▸ Input for this task:
——————————

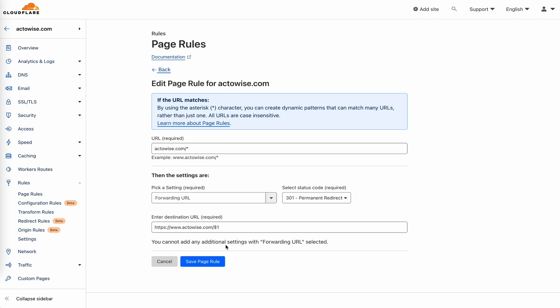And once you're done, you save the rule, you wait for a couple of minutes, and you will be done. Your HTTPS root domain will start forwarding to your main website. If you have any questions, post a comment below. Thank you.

——————————

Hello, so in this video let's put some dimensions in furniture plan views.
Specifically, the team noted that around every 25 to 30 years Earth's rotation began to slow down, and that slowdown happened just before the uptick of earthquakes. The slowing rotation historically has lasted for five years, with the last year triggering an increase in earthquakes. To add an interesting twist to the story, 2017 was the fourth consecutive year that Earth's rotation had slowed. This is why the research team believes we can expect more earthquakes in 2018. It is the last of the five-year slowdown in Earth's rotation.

——————————

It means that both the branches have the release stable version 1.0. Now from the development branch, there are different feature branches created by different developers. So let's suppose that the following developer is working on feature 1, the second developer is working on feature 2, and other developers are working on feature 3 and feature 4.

——————————

All that is needed is the exact run of lines above from the line containing "Hello, so in" through the line containing "Specifically, the team", both of them included.

▸ Task answer:
Hello, so in this video let's put some dimensions in furniture plan views.
Specifically, the team noted that around every 25 to 30 years Earth's rotation began to slow down, and that slowdown happened just before the uptick of earthquakes. The slowing rotation historically has lasted for five years, with the last year triggering an increase in earthquakes. To add an interesting twist to the story, 2017 was the fourth consecutive year that Earth's rotation had slowed. This is why the research team believes we can expect more earthquakes in 2018. It is the last of the five-year slowdown in Earth's rotation.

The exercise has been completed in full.